Mercurial is also distributed, but it's very, very fast. It's even (gasp) well-documented! There are, however, a few things I think a newbie should know up-front.
  • The tutorial assumes you'll start by copying an existing mercurial repository. I wanted my own, though, and it took me several tries to figure out that I needed to do this:
    ~/existing$ hg init
    ~/existing$ hg add foo.bar
    ~/existing$ hg commit
    ~/existing$ cd ..
    ~$ hg clone existing newdir

    Later on, if I make new files in existing, they won't get to newdir until I
    ~/existing$ hg add newfoo.bar
    ~/existing$ hg commit
    ~/existing$ cd ../newdir
    ~/newdir$ hg pull
    ~/newdir$ hg update

    pull brings fresh metadata in from the other repository, storing it in .hg, but doesn't actually go on to update the files themselves. That's what update does. It took a while to get it, but now that I do, it seems intuitive and helps me feel in control.
  • Your EDITOR or HGEDITOR environment variable must be set, or else hg commit will hurl you pitilessly into vi (*nix) or throw up its hands and scoff at you (Windows).
  • But, if you use gedit and already have another file open in it, you get
    ~/existing$ hg commit
    transaction abort!
    rollback completed

    I suspect that may happen with other multi-file editors, too. I'll use EXPORT HGEDITOR=pico.

Tuesday, May 16, 2006

Python in OTN again

Here's a cheer to Przemek Piotrowski for his recent OTN article, Build a Rapid Web Development Environment for Python Server Pages and Oracle. Python Server Pages are just one of the 1022 ways to build a web application with Python, but his methodical instructions would be useful for doing anything remotely related (including installation of Oracle XE and mod_python).

Friday, May 05, 2006

SQLpython - a SQL client of your very own

Luca Canali has written SQLpython, a lovely new SQL command-line tool for Oracle.

Right now, the most popular SQL command-line tools are
  • SQLPlus, included with Oracle, is sometimes great, sometimes annoying, and impossible to modify (source code not available).
  • gqlplus is open-source.

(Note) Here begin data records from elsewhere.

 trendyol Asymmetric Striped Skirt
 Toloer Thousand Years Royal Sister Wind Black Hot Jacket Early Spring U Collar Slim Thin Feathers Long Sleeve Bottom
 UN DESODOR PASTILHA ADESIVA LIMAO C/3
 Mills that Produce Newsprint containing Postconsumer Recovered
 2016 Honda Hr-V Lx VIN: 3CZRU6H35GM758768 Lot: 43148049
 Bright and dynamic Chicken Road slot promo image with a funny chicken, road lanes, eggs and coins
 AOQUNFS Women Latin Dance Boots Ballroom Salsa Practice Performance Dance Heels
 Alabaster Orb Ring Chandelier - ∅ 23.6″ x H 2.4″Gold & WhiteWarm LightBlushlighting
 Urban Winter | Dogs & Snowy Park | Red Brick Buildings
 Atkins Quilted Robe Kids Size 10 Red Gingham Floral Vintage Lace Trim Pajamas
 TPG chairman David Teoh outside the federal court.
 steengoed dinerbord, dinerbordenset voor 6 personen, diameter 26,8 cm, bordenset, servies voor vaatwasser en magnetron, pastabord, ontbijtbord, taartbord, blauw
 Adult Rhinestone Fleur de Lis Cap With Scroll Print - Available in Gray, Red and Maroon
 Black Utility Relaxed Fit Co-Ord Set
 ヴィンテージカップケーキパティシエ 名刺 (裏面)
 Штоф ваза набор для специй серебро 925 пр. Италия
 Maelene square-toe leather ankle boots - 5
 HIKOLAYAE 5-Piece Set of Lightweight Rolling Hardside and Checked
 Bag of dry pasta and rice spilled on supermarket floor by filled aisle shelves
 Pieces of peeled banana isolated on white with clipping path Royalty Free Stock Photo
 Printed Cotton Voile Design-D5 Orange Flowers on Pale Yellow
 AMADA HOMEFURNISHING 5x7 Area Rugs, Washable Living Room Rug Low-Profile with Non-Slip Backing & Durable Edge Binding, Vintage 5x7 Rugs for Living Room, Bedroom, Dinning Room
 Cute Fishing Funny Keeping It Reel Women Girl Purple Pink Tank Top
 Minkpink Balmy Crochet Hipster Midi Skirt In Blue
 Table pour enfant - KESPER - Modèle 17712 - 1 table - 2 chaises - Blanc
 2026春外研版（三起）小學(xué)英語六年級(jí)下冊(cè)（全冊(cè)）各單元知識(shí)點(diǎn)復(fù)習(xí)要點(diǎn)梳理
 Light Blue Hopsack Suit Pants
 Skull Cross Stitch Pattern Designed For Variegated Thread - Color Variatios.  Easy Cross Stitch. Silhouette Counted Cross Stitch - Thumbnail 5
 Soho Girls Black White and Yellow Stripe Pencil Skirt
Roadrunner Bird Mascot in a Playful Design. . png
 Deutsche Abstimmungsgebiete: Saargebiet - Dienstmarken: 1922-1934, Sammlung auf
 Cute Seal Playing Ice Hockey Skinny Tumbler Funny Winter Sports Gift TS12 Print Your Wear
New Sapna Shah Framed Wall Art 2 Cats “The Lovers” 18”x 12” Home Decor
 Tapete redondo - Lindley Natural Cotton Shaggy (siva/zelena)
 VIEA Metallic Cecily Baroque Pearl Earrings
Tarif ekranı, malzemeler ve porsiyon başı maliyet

It's written in C, though, which means (to my mind) that you'll need all of your strength and all of your courage if you want to modify it.
So, download sqlpython.tar, untar it, put sqlpython.py and mysqlpy.py somewhere handy (like your Python library), and then:
$ python
>>> import mysqlpy
SQL.NoConnection> connect hr/hr@xe
SQL.xe> select * from employees;
Now comes the fun part! Open up mysqlpy.py and sqlpython.py and start modifying. They're very basic right now, but very clean, concise, easy to understand, and easy to modify. For instance, I wanted to be able to issue Python commands like this:
SQL.xe> py print 'This is a python command';
This is a python command.
So I added this method to mysqlpy:
    def do_py(self, arg):
exec(arg)
That's all I did - not one keystroke more - and it works. Now that's extensibility!

If you're not an Oracle person and you're envious, as far as I can tell, it should be easy to modify SQLpython to use any DB-API2 adapter.